It’s just called Frank

It’s just called Frank
Mike Lindell, the hobgoblin founder of MyPillow and conspiracy theorist, may go down in history as the pillow magnate closest to helping pull off a presidential coup d’etat. OK, it wasn’t that close—he was merely one of a hodgepodge of random pro-Trump CEOs and other business ghouls that reportedly met with then-president Trump to urge him to stage a Reichstag moment. Beyond that, he’s known for producing hoax documentaries promoting the election fraud myth like Absolute Proof and the ongoing $1.6 billion defamation lawsuit being brought against him by an election tech manufacturer he falsely accused of working with foreign governments to put Biden in office.
One thing that Lindell will likely not be remembered for is his contributions to the social media sphere. In March 2021, after managing to get himself banned from Twitter, Lindell began promoting a new web project he claimed would become the “platform for Americans who want to defend life, liberty, and all the freedoms that have marked America as the longest-running Constitutional Republic in the history of the world.” It’s called… Frank Speech, or just Frank for short.

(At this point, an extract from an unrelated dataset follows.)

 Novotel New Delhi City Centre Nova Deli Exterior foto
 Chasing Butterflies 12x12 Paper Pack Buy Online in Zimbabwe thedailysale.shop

Frank, Lindell claimed, would have millions of users, combine the functionality of Twitter and YouTube, and be a censorship-free haven for free speech (or at least freedom for any speech not in violation of the Ten Commandments or “biblical principles,” which he said he would ban immediately). None of this came to pass, because when Frank eventually did launch in April, it was a half-coded mess that appeared to have no social functionality whatsoever. Instead, the only content on Frank appears to be auto-playing livestreams of Lindell and other conspiracy theorists continuing to lie about the elections.